▶ [Data]
--------------------------------------------------

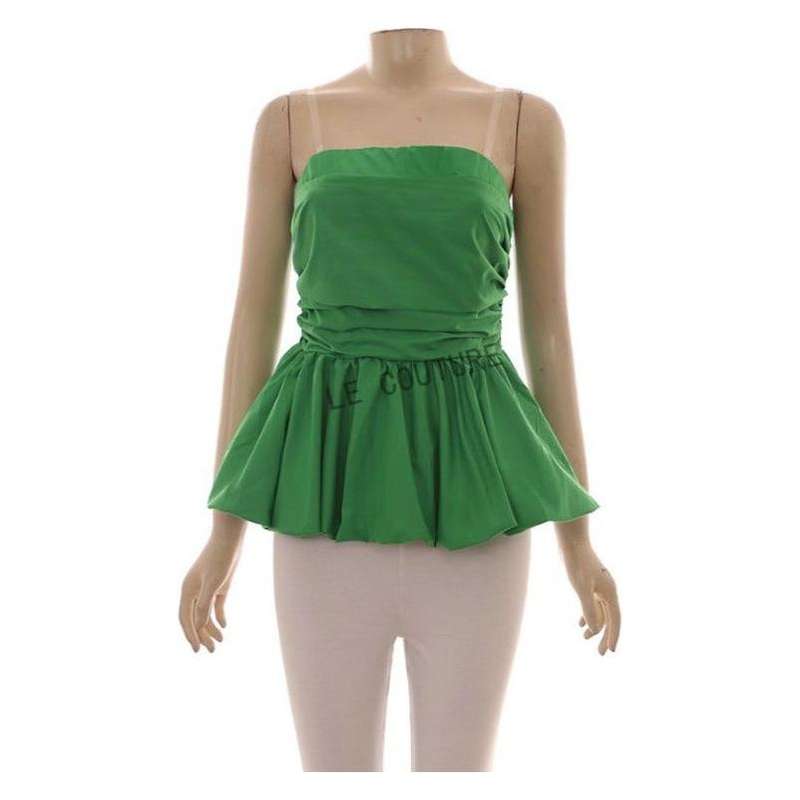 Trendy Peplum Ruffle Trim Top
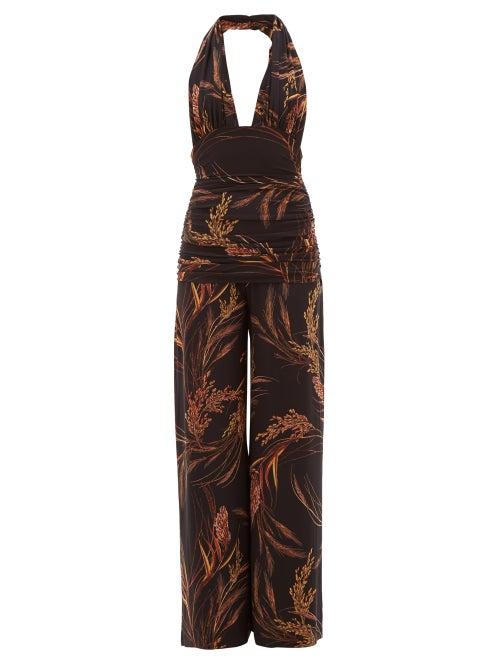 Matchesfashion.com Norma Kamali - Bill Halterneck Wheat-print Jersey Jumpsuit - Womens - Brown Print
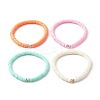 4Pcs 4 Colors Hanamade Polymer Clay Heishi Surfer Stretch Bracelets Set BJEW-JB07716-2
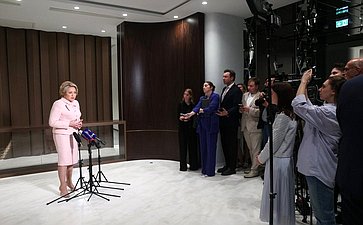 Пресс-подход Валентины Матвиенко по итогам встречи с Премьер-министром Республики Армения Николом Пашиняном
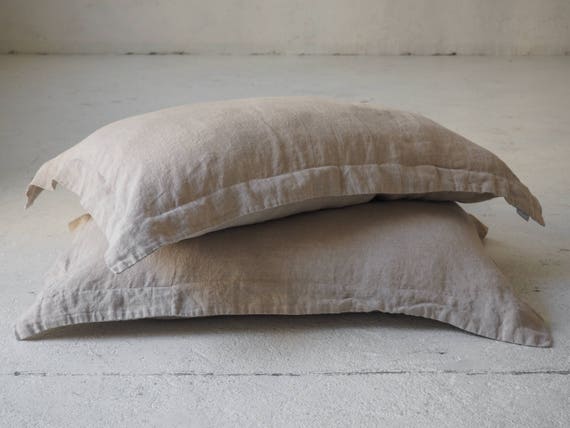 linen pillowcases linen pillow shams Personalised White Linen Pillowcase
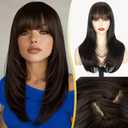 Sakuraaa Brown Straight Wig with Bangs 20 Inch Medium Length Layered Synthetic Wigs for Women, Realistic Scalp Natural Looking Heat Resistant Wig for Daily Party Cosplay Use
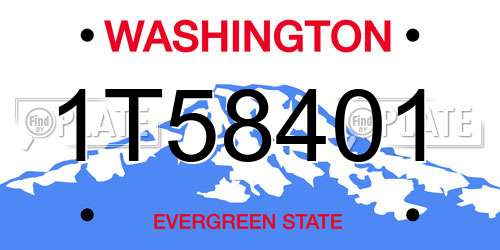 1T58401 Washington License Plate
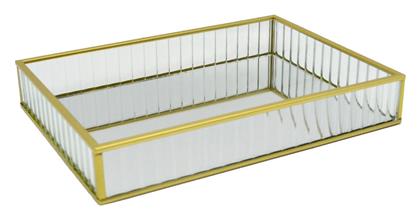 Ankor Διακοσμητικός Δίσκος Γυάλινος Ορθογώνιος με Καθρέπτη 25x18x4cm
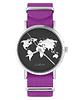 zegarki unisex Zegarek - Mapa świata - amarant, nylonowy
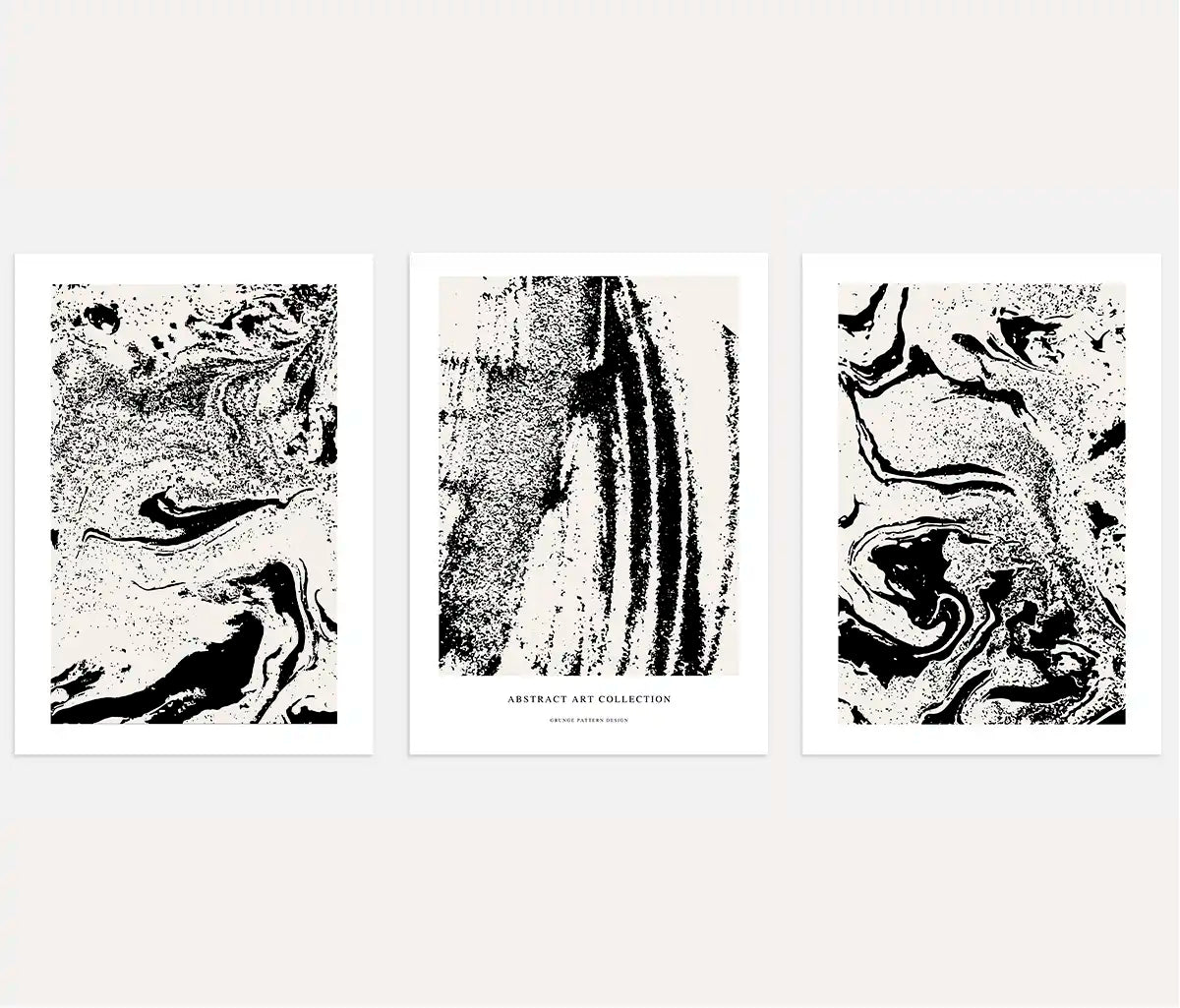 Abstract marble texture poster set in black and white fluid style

--------------------------------------------------

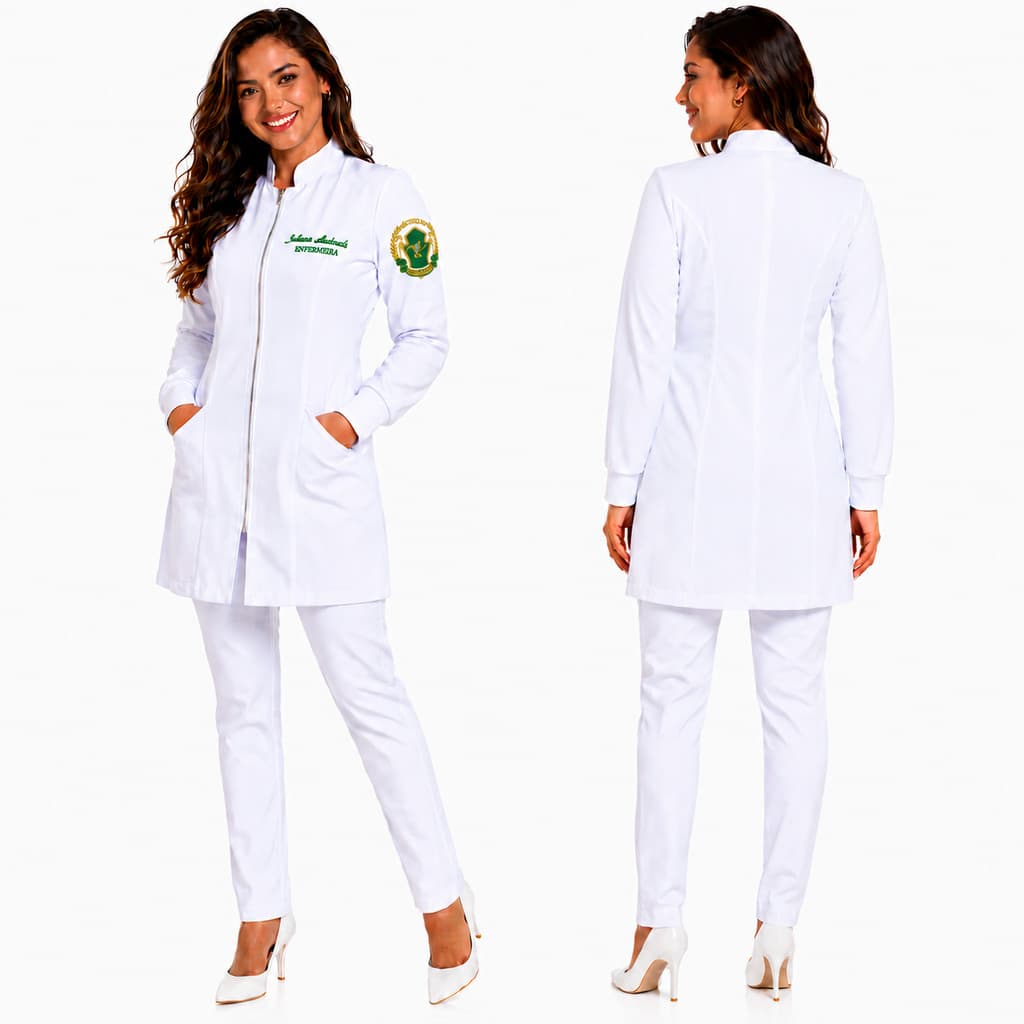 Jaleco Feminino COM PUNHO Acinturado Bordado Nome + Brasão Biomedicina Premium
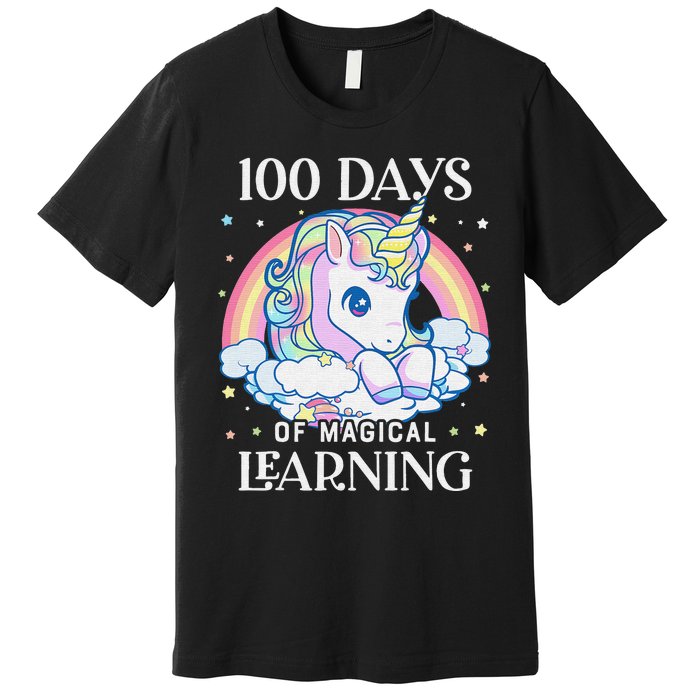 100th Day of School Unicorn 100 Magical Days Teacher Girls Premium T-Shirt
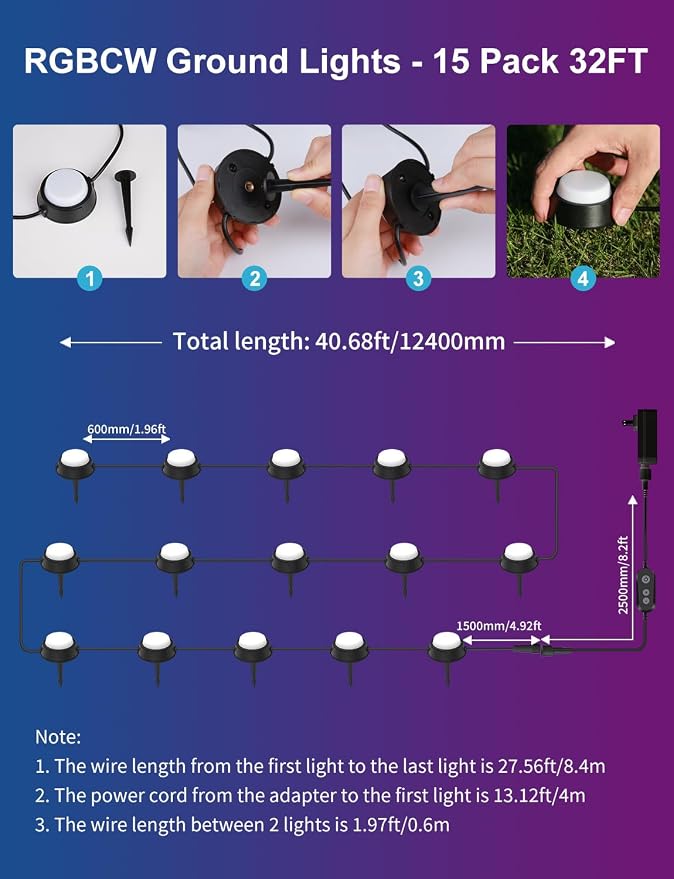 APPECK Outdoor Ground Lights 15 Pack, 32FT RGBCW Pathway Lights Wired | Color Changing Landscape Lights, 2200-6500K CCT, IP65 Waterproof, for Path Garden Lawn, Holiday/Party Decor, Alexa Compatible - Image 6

--------------------------------------------------

▶ [What the exercise asks] Print exactly, with no pictures, the lines above from the one that holds "Пресс-подход Валентины Матвиенко" through the one that holds "linen pillowcases linen", both of them included.

▶ [Reply to the exercise]
 Пресс-подход Валентины Матвиенко по итогам встречи с Премьер-министром Республики Армения Николом Пашиняном
 linen pillowcases linen pillow shams Personalised White Linen Pillowcase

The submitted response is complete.